One of the most famous – and now controversial – buildings on London’s world-renown retail scene is having its day in the High Court.
Marks and Spencer’s challenge to the block on its plans to demolish and redevelop its flagship Oxford Street branch, put in place by cabinet minister Michael Gove, is one of the most hotly anticipated legal clashes of its kind for years.
It has become a test case over tearing down old buildings. Campaign groups claim that refurbishment without demolition is a better way to modernise space, emitting less carbon and protecting urban heritage.
But M&S’s scheme to pull down the unlisted Orchard House at the Marble Arch end of Europe’s most famous shopping street was cleared by Westminster Council and Sadiq Khan, the London mayor. Then came Gove’s intervention as communities and housing secretary.
At the time of his decision in July, Gove cited environmental grounds. He said demolition of the 1929 edifice would “fail to support the transition to a low-carbon future, and would overall fail to encourage the reuse of existing resources”.
It provoked an angry response from M&S. Stuart Machin, M&S chief executive, called Gove’s decision “utterly pathetic”. The 140-year-old firm threatened to leave the site entirely if it cannot redevelop it. And it says the scheme for one of its best-known branches reaches all the relevant planning requirements.
The FTSE 100 firm’s operations director, Sacha Berendji, said today that the decision “misinterpreted and wrongly applied planning policy, with every one of the six counts we raised approved by the Court to proceed to this hearing,” adding:
“When our proposal to bring one of London’s most sustainable and energy efficient buildings into the heart of the West End is rejected and other schemes with lower sustainability benefits are going ahead, it makes it impossible for developers to interpret planning policy, freezing investment and leading many to ask ‘why bother’, which is a disaster for the economy and the transition to Net Zero.”
Save Britain’s Heritage has also been involved in the case. It crowdfunded representation against the scheme at a 2022 public inquiry into the plans. And it backs the government.
Henrietta Billings, a director at the campaign group, said: “We believe the Secretary of State made the right decision.
“The M&S Oxford Street case … put carbon firmly at the heart of the debate and challenged the UK’s disposable attitude to buildings. It was the first time a planning inquiry had sustainability and heritage as its joint focus – two fundamentally important issues that go hand in hand and are mutually re-enforcing.”
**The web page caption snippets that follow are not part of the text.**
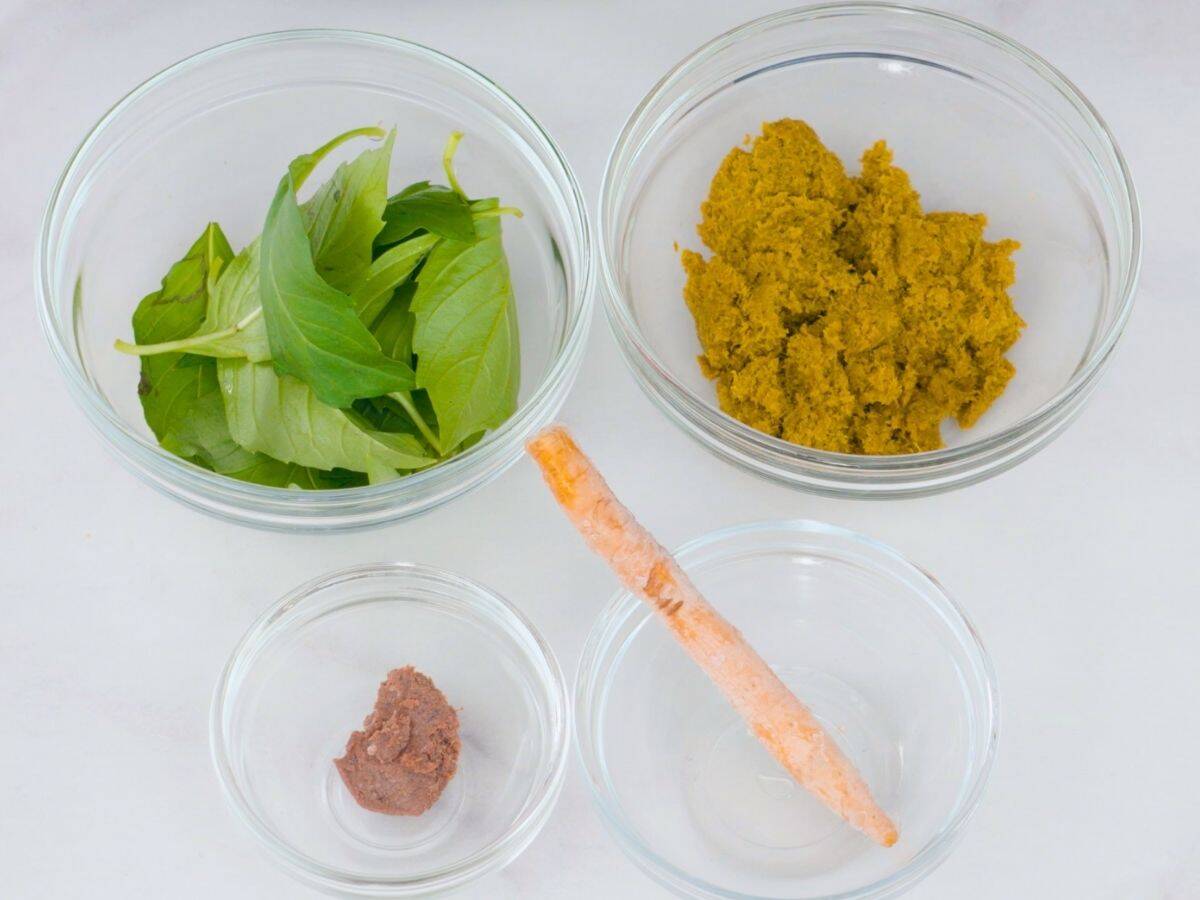 bowls of green curry paste, a piece of fingerroot, shrimp paste, and thai basil leaves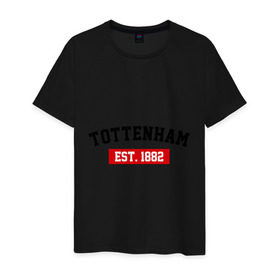 Мужская футболка хлопок с принтом FC Tottenham Est. 1882 , 100% хлопок | прямой крой, круглый вырез горловины, длина до линии бедер, слегка спущенное плечо. | fc tottenham | tottenham | тотенхем | фк тотенхем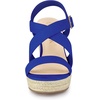 image:imageAllegra K Women Espadrilles Platform Slingback Ankle Strap Wedges SandalsDeep Blue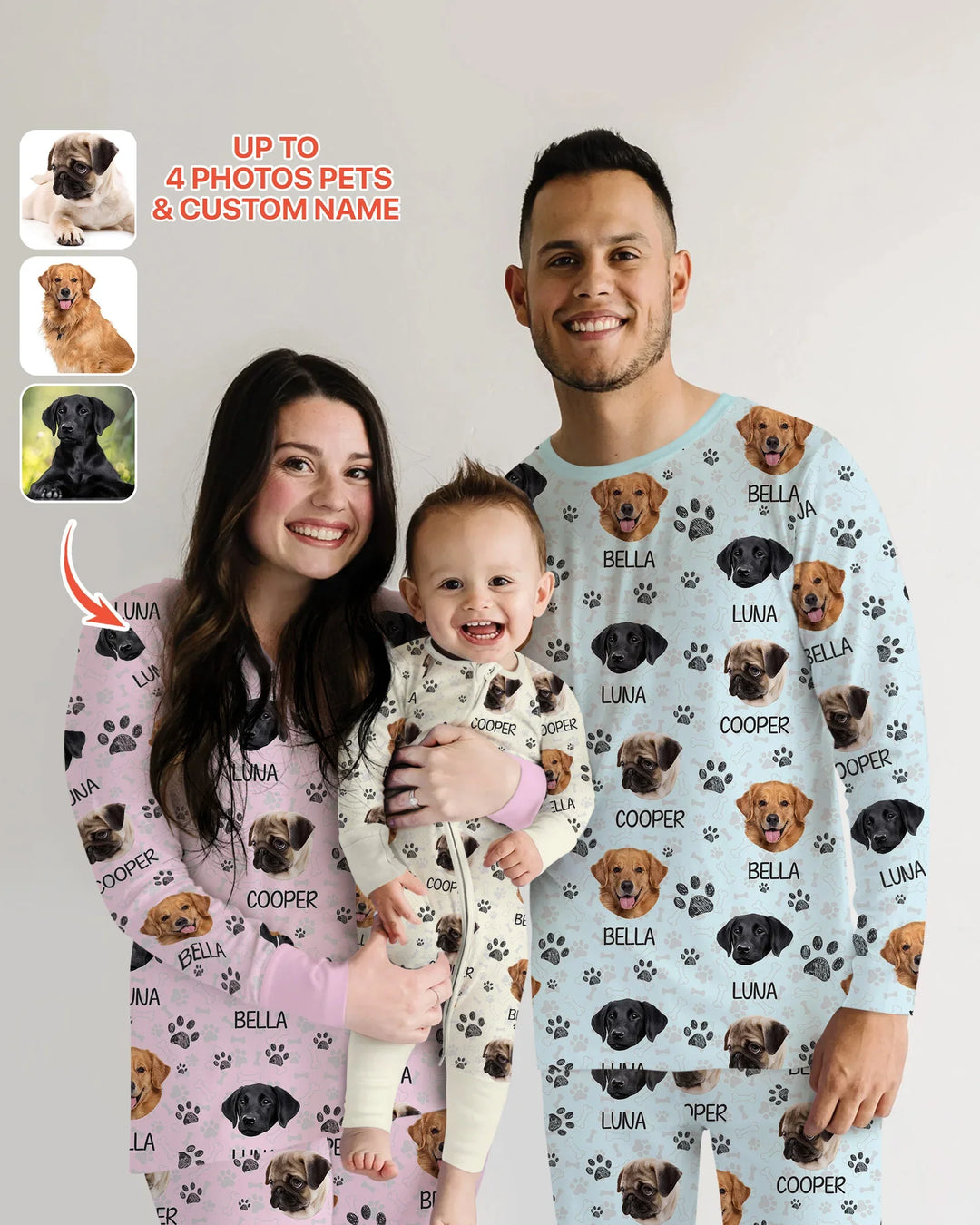 Pyjama-Set aus Bambus für Damen mit Foto und Pfote, für Hundeliebhaber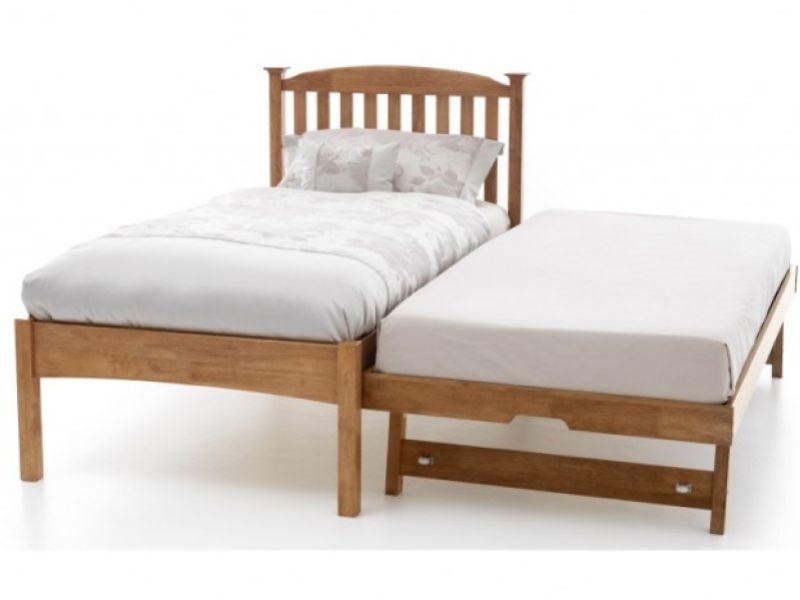 Serene Eleanor 3ft Single Oak Finish Wooden Guest Bed Frame with Low Footend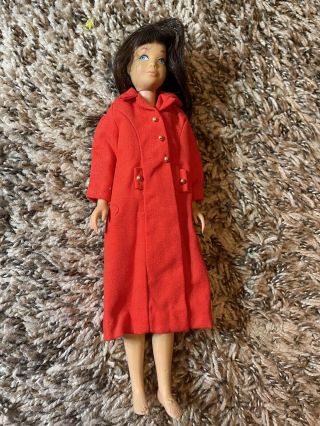 Vintage 1963 Mattel Barbie Skipper Doll Brown Hair In Tlc Red Dress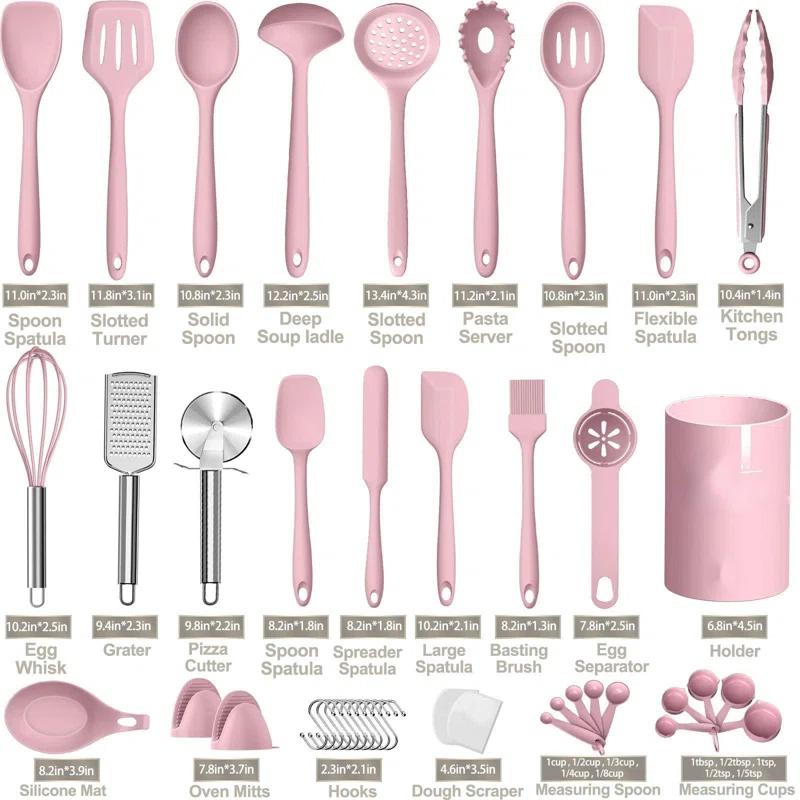 shuoli Silicone Cooking Kitchen Utensil Set, 43 Pcs Pink Cooking Utensils Set, Turner, Tongs, Spoon, Spatula, Kitchen Gadgets Tools Set For Nonstick Cookware, Heat Resistant (Dishwasher, BPA Free)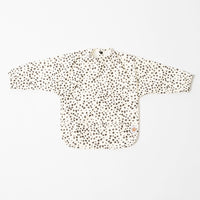 Dots on white - long sleeve bib shirt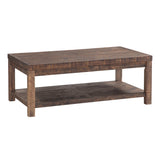 Benzara Wooden Coffee Table with One Shelf, Taupe Brown BM187671 Brown Reclaimed wood and Pine Wood BM187671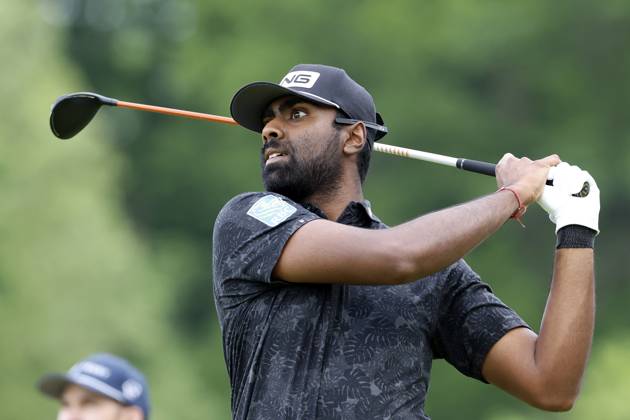 LOUISVILLE, KY - MAY 18: Sahith Theegala during the third round of the PGA, Golf Herren Championship, May 18, 2024, at Valhalla Golf Club in Louisville, Kentucky.(Photo by Matthew Maxey Icon Sportswire) GOLF: MAY 18 PGA Championship EDITORIAL USE ONLY Icon240518026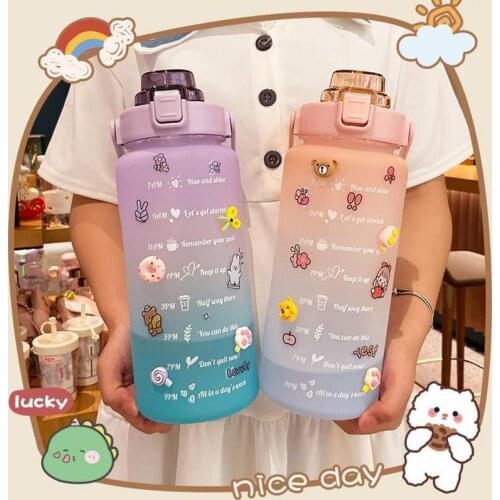 Stickers Water Bottle with Straw Cup Large Space Cup Sports Climbing Camping Water Bottle Drinking Bottle With Straw Leakproo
The fate of the corner plot has caught the eye of celebrities and captured the interest of the public. Comedian Griff Rhys Jones and author Bill Bryson have called for the existing building to be saved.
M&S argued at the public inquiry last year that the western end of Oxford Street would be “terminally harmed” if it pulled out of the site.
And there has been concern at the decline of Oxford Street as a destination capable of drawing in the international crowds for which it was once famed across Europe. At the inquiry, Machin pointed out that there were 42 vacant sites out of 269 shops “on what should be our nation’s premier shopping street.” He added:
“Playing to the gallery by kiboshing the only retail-led regeneration proposal is a short-sighted act of self-sabotage by the Secretary of State and its effects will be felt far beyond M&S and the West End.”
The case will be heard by Mrs Justice Lieven today and tomorrow.